======== Source data

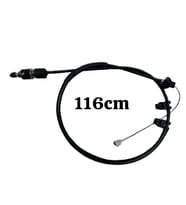 MAZDA 323 GAZ TELİ HALATI 1990-1991-1992-1993-1994-1995 BL8H-41-660
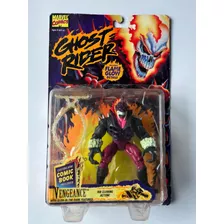 Venganza Ghost Rider Glow In The Dark Marvel Toybiz 1995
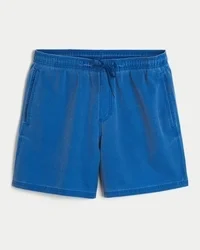 Mid-Thigh Volley Swim Trunks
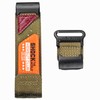 Watch Band Strap for Casio G-shock GG-1000/GWG-100/GSG-100,Super Rugged Nylon Sports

================

Only the lines from the one containing "Venganza Ghost Rider" through the last line of the data belong in the copy, both included and reproduced exactly. Pictures do not.

 Venganza Ghost Rider Glow In The Dark Marvel Toybiz 1995
 Mid-Thigh Volley Swim Trunks
 Watch Band Strap for Casio G-shock GG-1000/GWG-100/GSG-100,Super Rugged Nylon Sports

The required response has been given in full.